To do: In the data below, restate exactly the lines from the one with "USC Trojans tight" to the final line, both included, but not the pictures.

Segment Open

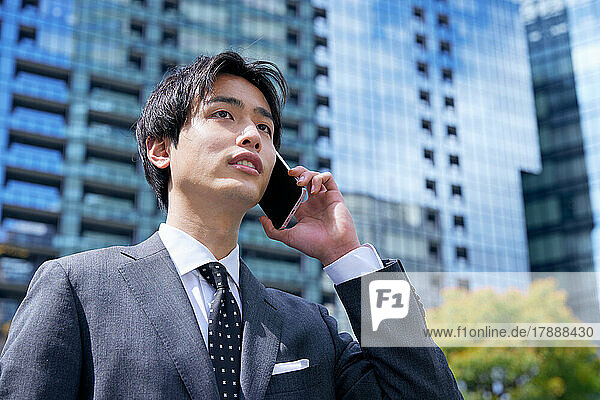 Japanischer Geschäftsmann am Telefon im Geschäftsviertel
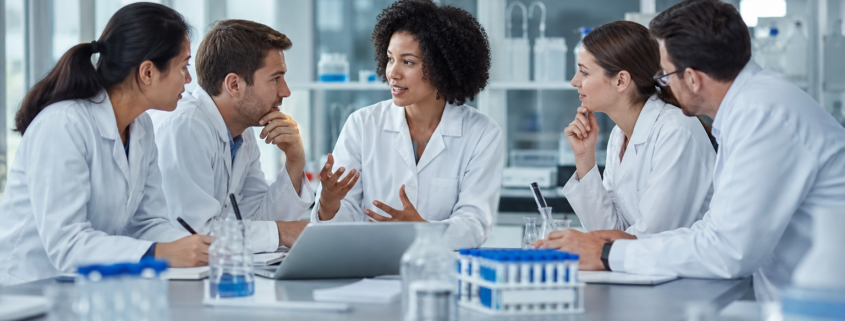 diverse scientists in lab coats collaborating at a lab table, showing biotech team building.
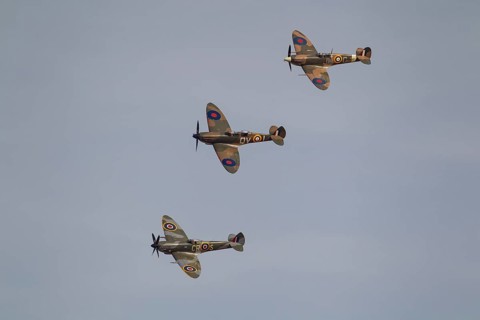 Supermarine Spitfire three warbird military aircraft in Royal air force RAF colours flying,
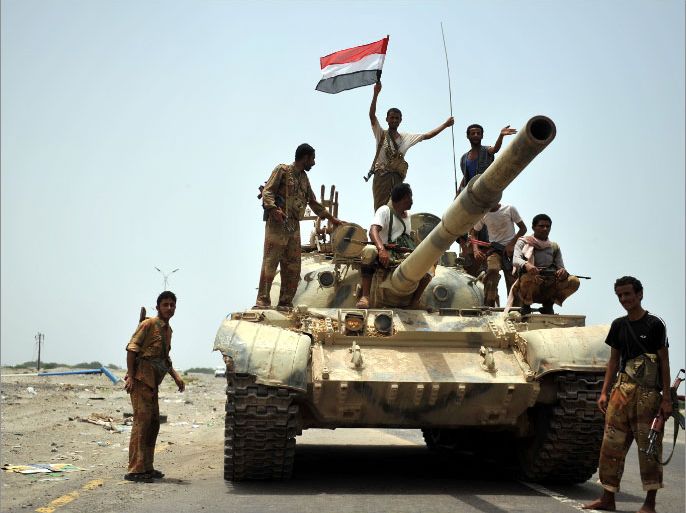 epa03264695 Yemeni soldiers stand on a tank after the army forces retook control of southern towns from al-Qaeda militants at Zinjibar town in Abyan province, Yemen, 14 June 2012. According to media reports, Yemeni warplanes stroke al-Qaeda militants' hideouts in south Yemen, killing at least 27 militants including leading figures. The Yemeni army regained control of the two main strongholds of al-Qaeda militants in Zinjibar and Jaar towns, nearly a year after they were occupied by the militants. EPA/YAHYA ARHAB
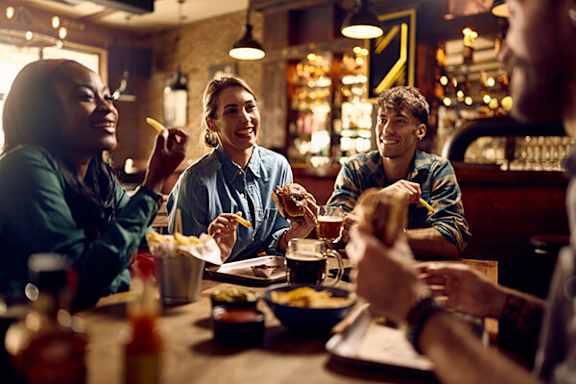 A group of people are enjoying a meal together in a restaurant.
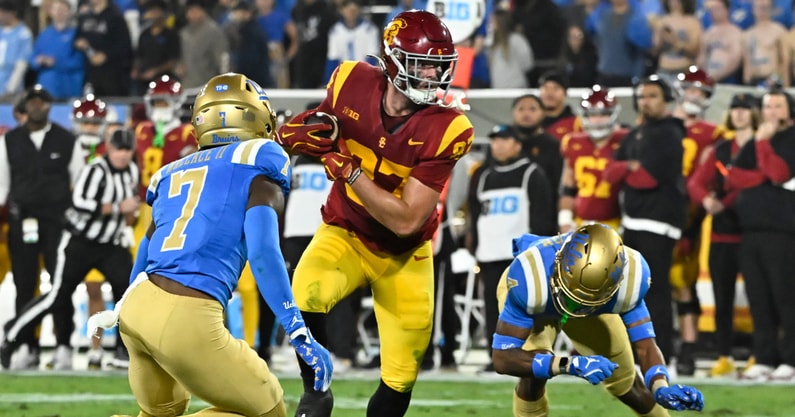 USC Trojans tight end Lake McRee (87) runs a pass between UCLA Bruins defensive back K.J. Wallace (7) and defensive back Bryan Addison (4) during the second quarter at Rose Bowl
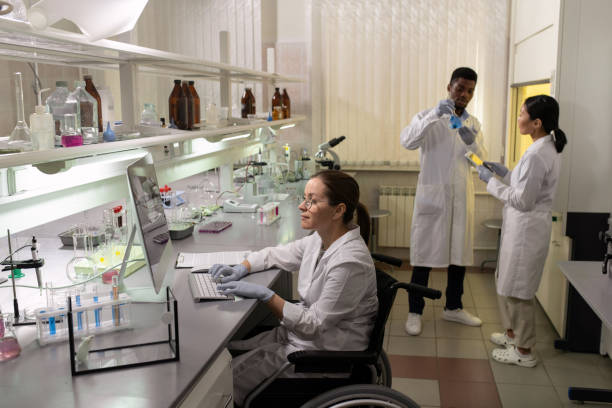 istock Group of intercultural scientists working in laboratory 1324230951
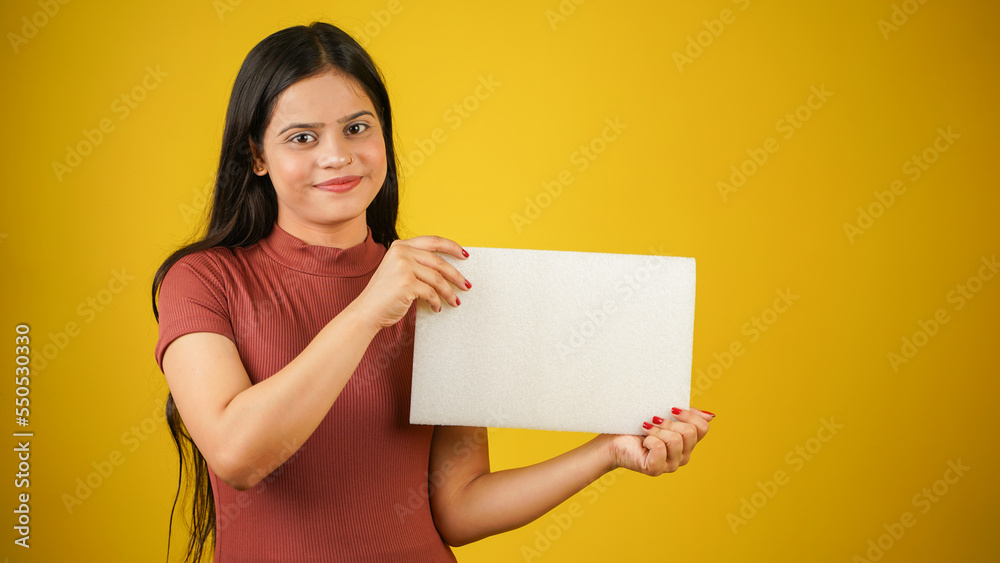 Beautiful young woman holding empty blank white board, your text here concept, Asian Indian girl isolated over colour background studio Beautiful young woman holding empty blank white board, your text here concept, Asian Indian girl isolated over colour background studio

Segment Closed

Result of this exercise:
 USC Trojans tight end Lake McRee (87) runs a pass between UCLA Bruins defensive back K.J. Wallace (7) and defensive back Bryan Addison (4) during the second quarter at Rose Bowl
 istock Group of intercultural scientists working in laboratory 1324230951
 Beautiful young woman holding empty blank white board, your text here concept, Asian Indian girl isolated over colour background studio Beautiful young woman holding empty blank white board, your text here concept, Asian Indian girl isolated over colour background studio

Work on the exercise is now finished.